Alexandre Pais

Bruno Lage, o flautista da Luz

B

Foi uma semana não direi de punhos de renda mas de alguma sensibilidade cívica, manchada apenas pela ação dos grunhos que apedrejaram a camioneta dos encarnados ou dos ativistas noturnos que terão lançado uns foguetaços junto ao hotel onde pernoitou o Benfica. É uma espécie de lepra sem cor da qual dificilmente nos livraremos enquanto o Estado, as escolas e as famílias se mantiverem unidos no confortozinho suicida de fechar os olhos à realidade.
Mas indo aos que contam no futebol, a verdade é que os dirigentes falaram pouco – e em tom algo envergonhado para o que nos habituaram – e os treinadores trocaram galhardetes, avançando ainda com a previsão de quem jogaria e de como jogaria o adversário. Nesse aspeto, Bruno Lage, com um discurso novo e descomplexado de falso distraído, veio desanuviar muito o ambiente – com as vitórias a ajudar, claro – e, antes do clássico, Sérgio Conceição deixou-se ir no rasto da música do flautista de Hamelim instalado na Luz, até porque a “casual” prorrogação do seu contrato em vésperas do duelo o transportou para o país das maravilhas. Não voltará – penso eu de que – a cometer esse erro. Afinal, Sérgio, o Truculento, perde não só a graça, como a eficácia quando veste a pele de Sérgio, o Tranquilo.
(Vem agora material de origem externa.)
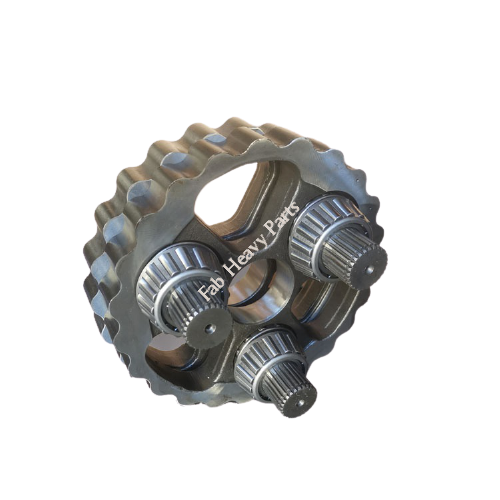 Nieuw geschikt voor Komatsu PC60-5 RV Gear Assy met as en lager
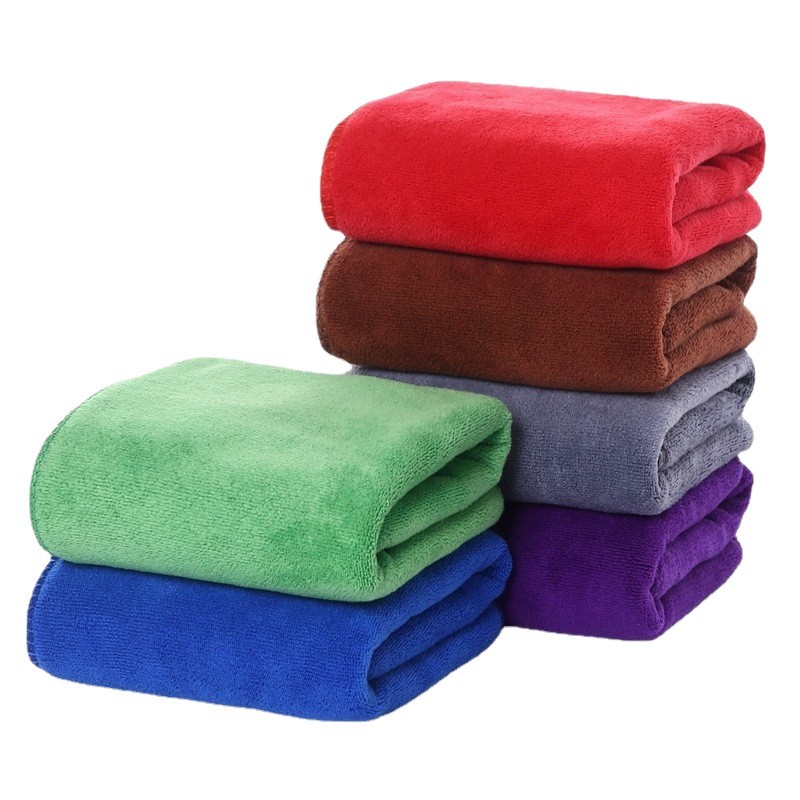 Wholesale Car Wash Towel Microfiber Thickened Car Towel Square Towel Absorbent Rag Multi-Functional Enlarged Car Wipe Towel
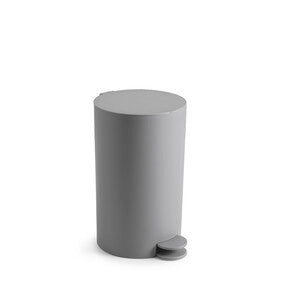 GEDY SHARON PORTARIFIUTI 3 L GRIGIO MATT- GEDY- 1,0 pz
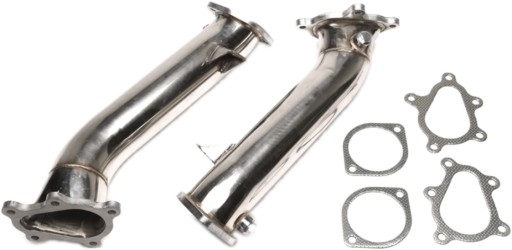 06NI001 - NISSAN SKYLINE R35 Downpipe VR38DETT та TECHNIX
Mesmo nas zonas técnicas, onde sempre a panela ferve e os nervos transbordam, o embate dos gigantes não correspondeu às expectativas. Houve um momento – veja-se no que dá a marcha inexorável do tempo – em que julguei ver Bruno Lage em amena troca de impressões com o diretor do futebol portista, Luís Gonçalves, que também não costuma ser propriamente flor que se cheire, tendo a cavaqueira terminado com um simpático abracinho. O cavalheirismo imperou ali, na zona histórica onde Jorge Jesus ajoelhou – e agora com o FC Porto a perder! Não, não estamos preparados para tamanhas delicadezas.
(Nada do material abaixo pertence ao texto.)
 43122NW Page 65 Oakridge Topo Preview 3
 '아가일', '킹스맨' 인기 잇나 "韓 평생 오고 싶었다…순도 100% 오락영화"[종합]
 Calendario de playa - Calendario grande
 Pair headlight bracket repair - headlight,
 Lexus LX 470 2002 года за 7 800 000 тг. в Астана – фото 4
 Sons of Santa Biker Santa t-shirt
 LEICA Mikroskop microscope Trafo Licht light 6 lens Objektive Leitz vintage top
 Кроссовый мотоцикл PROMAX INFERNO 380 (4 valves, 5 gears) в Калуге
No relvado, não houve igualmente os mosquitos por cordas de outras ocasiões, talvez porque a maioria dos jogadores já se conhece bem, outros convivem nas seleções e há os demasiado tenros para se meterem em alhadas. Mas nem tudo foram rosas e Pepe, por exemplo, bem podia ter evitado aquela cena macaca com João Félix, que tem idade para ser seu filho e que merecia não o regresso do Pepe que pontapeava adversários em Espanha, mas a compreensão de um jogador ímpar que em épocas sucessivas no Real Madrid e na Seleção se transformou, como profissional e como homem, num modelo para os jovens.
Perdida a contenda em campo, estranhei finalmente a contenção de Sérgio nas declarações finais, embora compreenda a dificuldade que teria em se atirar ao árbitro. Vejamos, no golo de Adrián López, com tabela no peito de Marega, Pepe deveria ter ficado imóvel para que o lance fosse legal. Ao baixar a cabeça, teve intervenção na jogada e condicionou Odysseas. Mais tarde, Jorge Sousa ou o VAR ou os dois não quiseram ver uma estalada de Brahimi a Rúben Dias, que resultaria na expulsão do argelino. Portanto, da arbitragem Sérgio não se podia queixar. E Lage idem aspas. O desmiolado comportamento de Gabriel só não custou o triunfo ao Benfica porque o recorrente pressing final dos portistas ontem não funcionou. Nem era dia, nem houve inspiração, foi a sorte.